Panties…Err…Pants in a Bunch
It’s the beginning of the year, a new decade, and I’m doing my damnedest to try and stay positive. But it’s dark all the time. And cold. So freakin’ cold. My house isn’t surrounded with snow drifts as much as BERGS of dirty, frozen snow. My skin’s dry, I don’t have a tan, and yes, I did plump up over the holidays. Did I mention the cold?
And then the work. The economy still sucks, health care reform is a mess, and I’m suffering from progressives fatigue. When I collect myself to focus on something so very critical like continuing to advocate for equal access to health care services, or equal pay for equal work, I find some strength in the amazing community of advocates all working toward the same goal. As cheesy as it sounds it makes it seem doable, despite the claustrophobia that being surrounded by dirty frozen snowbergs can bring.
Until something like this. Pants that have captured the attention and collective outrage of feminists. Well, that
just makes me tired.
Okay. I get it. It’s a macho-styled play on culturally ingrained and at times offensive gender stereotypes. Its cheeky elevation of pedestrian manliness anticipated this feminist outrage because, well, it jabs at it outright. So, well played, ladies. We’ve done exactly what the stereotype predicted we’d do. Jokes on who exactly?
Now, for transparency’s sake I’ll disclose that I know one of the folks involved in the campaign. Sure, I’ll admit that I find some of the assumptions in the campaign worn, but um… yeah, they’re selling Dockers. Hard to get more mainstream than khaki, so those kinds of assumptions are going to work. And they have. We’re talking about Dockers. I’ve dedicated an entire post to Dockers. When was the last time you even THOUGHT about Dockers, let alone got your panties in a bunch over their ads?
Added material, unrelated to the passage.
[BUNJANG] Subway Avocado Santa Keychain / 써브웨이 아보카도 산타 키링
With so many big issues, so many real battles who has the energy for this? I fight against gender assumptions and the damage they inflict daily. It’s a personal fight and a professional fight. But pants? I’m not fighting pants, if only to not feed into the humorless boner-killing feminist meme that the campaign depends on. I get it for those who want to take it on. But me, I can’t. It’s great advertising–it taps into a collective nerve and exploits it, for good or for bad. It’s sparked a political conversation which is pretty amazing in and of itself. But even if I’m offended by the ad, so what? Harping about it does what exactly?
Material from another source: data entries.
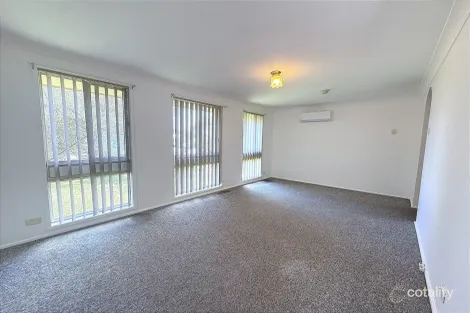 Property photo of 10 Sapphire Drive Tarro NSW 2322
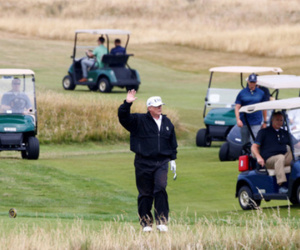 Trump hứng chỉ trích vì chơi golf trong ngày tổ chức tang lễ McCain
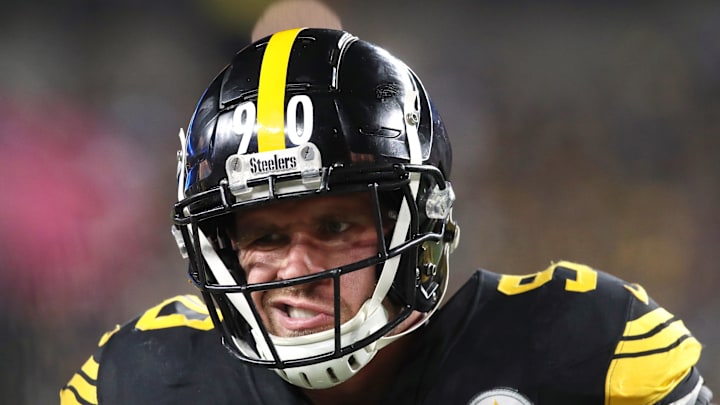 Oct 28, 2024; Pittsburgh, Pennsylvania, USA; Pittsburgh Steelers linebacker T.J. Watt (90) reacts on the field against the New York Giants during the third quarter at Acrisure Stadium. Mandatory Credit: Charles LeClaire-Imagn Images Oct 28, 2024; Pittsburgh, Pennsylvania, USA; Pittsburgh Steelers linebacker T.J. Watt (90) reacts on the field against the New York Giants during the third quarter at Acrisure Stadium. Mandatory Credit: Charles LeClaire-Imagn Images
This country’s cultural identity is inextricably linked to this kind of theme. Colonists rebelled against the effeminite Brits. Pioneers, miners, railroaders, all did the same from the Colonists. This is our historical narrative, the language of Americana. Why do we think this will ever change? At best it will become an antiquated cultural marker of a particular moment in our nation’s development, but it will persist. Manhood is the most ingrained and illusive piece of Americana, and perhaps the fact that it’s now selling pants is a sign it’s on the wane. Or not. But at the end of the day, it’s just pants people. What’s all the fuss?
Either I just don’t see it or I’m too tired and can’t see it, but I’m missing something. Really? Pants?